Я начинаю перебирать письма и вижу, что пришли они из самых разных стран, из Франции и Марокко, Югославии, Швеции, Мексики, открыток среди писем нет. Марк ни на одном месте долго не задерживался, из каждой страны приходило всякий раз только одно письмо. А между разными странами снова и снова письма из Гамбурга, но даже на письмах из Гамбурга везде указан другой адрес отправителя. Коль скоро мне не разрешают читать, я хочу, по крайней мере, собрать информацию, которую могут мне дать конверты.

— Обрати внимание на последние письма, — говорит Арон.

Самое последнее пришло из Израиля, как я вижу, и предпоследнее, и предпредпоследнее, я насчитываю их семь штук. С большим трудом мне удается разобрать дату на последнем штемпеле. Май шестьдесят седьмого.

* * *

— Не хочу тебя обманывать: тот факт, что я ни разу не написал ему, содержит лишь половину правды. Когда от него пришло первое письмо, я сам поехал в Западный Берлин, раньше это было просто. Там я сел в самолет и полетел в Гамбург. Водителю такси я показал конверт, и он без труда нашел нужную мне улицу. Домик был довольно убогий. Я понятия не имел, что ему скажу, я думал: лишь бы мне его увидеть, уж тогда что-нибудь наверняка придет в голову. Но его не было дома. Дверь открыла какая-то женщина и, услышав, что я отец Марка, впустила меня. Квартира была довольно большая, и каждая комната кому-нибудь сдана, так что все время был слышен звук открываемых или закрываемых дверей. Женщина сказала, что понятия не имеет, когда он вернется, но если я хочу, то могу и подождать. Я сел у него в комнате и начал ждать, у меня просто сердце разрывалось, когда я видел, как он живет. Кровать, и стул, и шкаф, даже стола — и того нет, зато есть ящики.

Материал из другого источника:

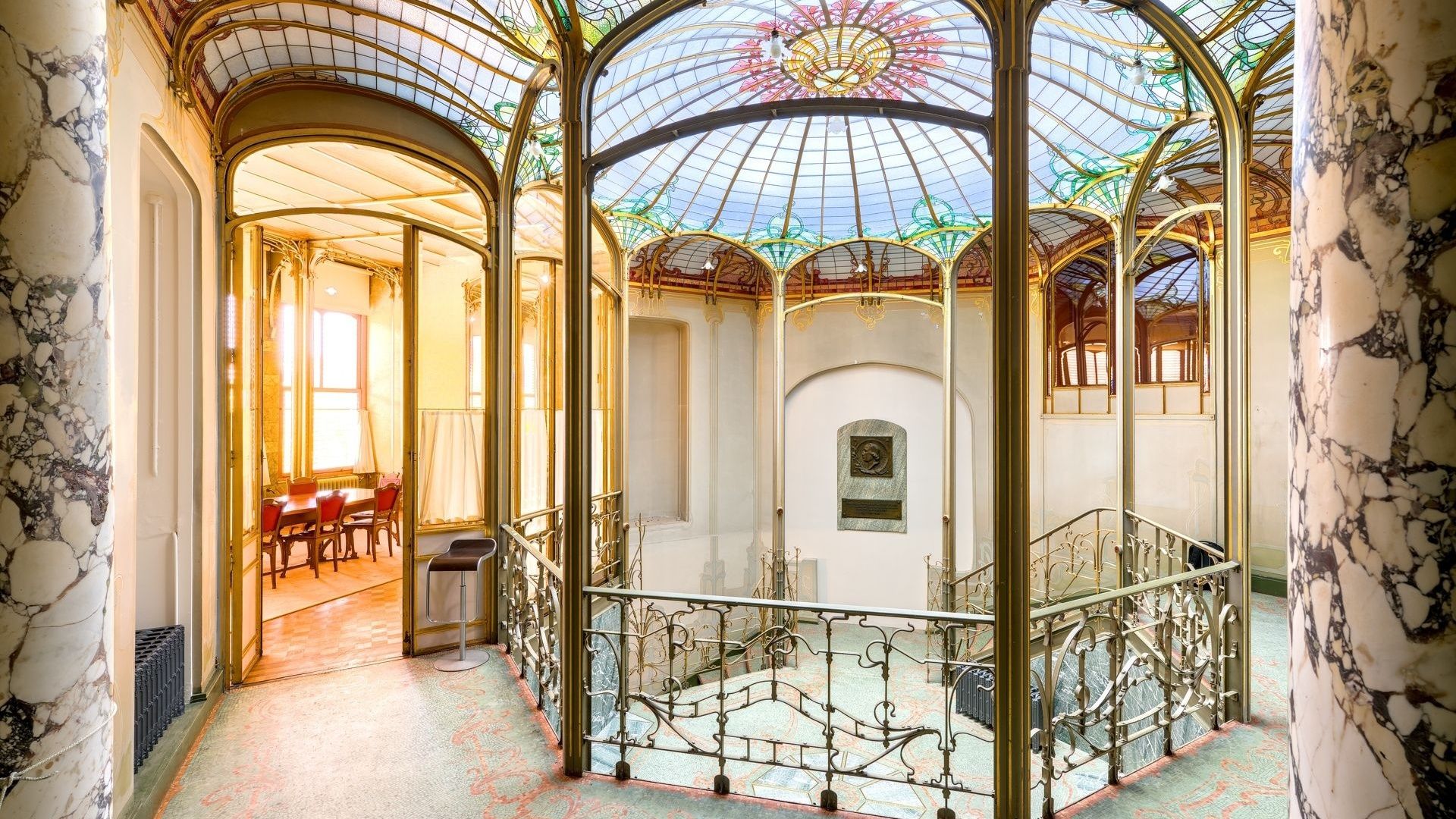 Hôtel van Eetvelde, Victor-Horta, ouverture sur la salle à manger.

Я просидел так до ночи, потом опять вошла эта женщина, мне было как-то неловко перед ней, я сказал, что сейчас уйду, а завтра приду снова, но она сказала, что я могу и переночевать здесь, она не возражает. Я провел ночь в его постели, но и на другой день он не пришел. Я подыскал поблизости комнату в отеле, купил себе зубную щетку и белье и по два раза на дню наведывался в его квартиру, чтобы справиться. Между делом я осматривал город, один раз на какой-то улице даже зашел куда-то выпить. На пятый день женщина сказала мне, что, может, будет проще, если я оставлю для него записку, тогда он даст о себе знать, как только вернется. Трудно сказать, придет он завтра или через месяц и придет ли вообще. Я приходил туда еще два дня, заставил женщину поклясться, что она и в самом деле не знает, куда он делся, потом я написал ему записку. Я написал так: вернись домой, уж не настолько тебе все это важно, чтобы погубить ради этого родного отца. Потом я уехал домой. В очередном письме было написано, что он ездил в Дортмунд с одним приятелем и очень огорчен, что не застал меня. Если у меня есть время и охота — так он писал дальше, — я могу приехать к нему снова, только надо его предупредить заранее. Про мою записку — ни звука, ни в этом письме, ни в следующем. Вот теперь ты, надеюсь, понимаешь, почему я не написал ему ни одного письма.

* * *

Арон купил себе телевизор. Он окончательно и бесповоротно уединился. Я не совсем понимаю, что он хочет этим сказать. Он взвесил и обдумал много возможностей проводить время. Кормить лебедей на реке, посещать мероприятия еврейской общины или мероприятия жертв фашизма, или купить собаку, или снова отправиться в небольшую поездку, или изучать в газетах брачные объявления, короче, все эти возможности и еще многие другие он продумал и отверг. Ему казалось, что он лишь теперь догадался, почему ему причинила такую боль потеря Марка: он понял, что это была его последняя потеря. Теперь ничто больше не могло причинить ему боль, ибо теперь терять было нечего. В известном смысле это даже можно было считать преимуществом.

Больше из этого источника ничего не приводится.